Il est vrai que la combinaison de politiques monétaire et budgétaire expansionnistes, la baisse du dollar et la hausse des prix des matières premières constituent un cocktail potentiellement explosif en matière d’inflation. Pourtant, la crise que nous venons de traverser a infligé à l’économie des dommages importants, constituant aujourd’hui un frein majeur à un dérapage inflationniste.

Une baisse tendancielle de l’inflation

Les deux dernières décennies ont été marquées par une baisse tendancielle de l’inflation, fruit, entre autres, d’une politique monétaire efficiente/crédible, d’une accélération des gains de productivité, ou encore de la globalisation.

Ainsi, les anticipations d’inflation se sont également détendues, devenant à leur tour un ingrédient important de l’efficacité de la politique monétaire.
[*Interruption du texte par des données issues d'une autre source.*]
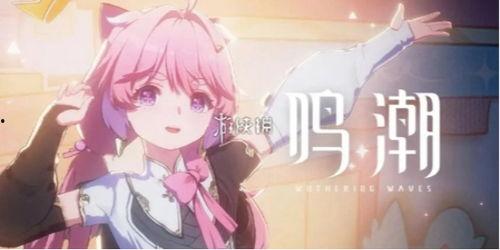 鸣潮1.2卡池最新爆料,新角色集结，精彩内容抢先看！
Plus récemment, les fortes variations des prix des matières premières, du pétrole en particulier, ont créé de la volatilité sur l’inflation totale, sans pour autant remettre en cause la baisse structurelle de l’inflation sous-jacente. Ceci souligne d’une part le succès de la politique monétaire en matière d’ancrage des anticipations d’inflation, et l’aplatissement de la courbe de Phillips d’autre part, c'est-à-dire la non-apparition d’une boucle prix-salaires.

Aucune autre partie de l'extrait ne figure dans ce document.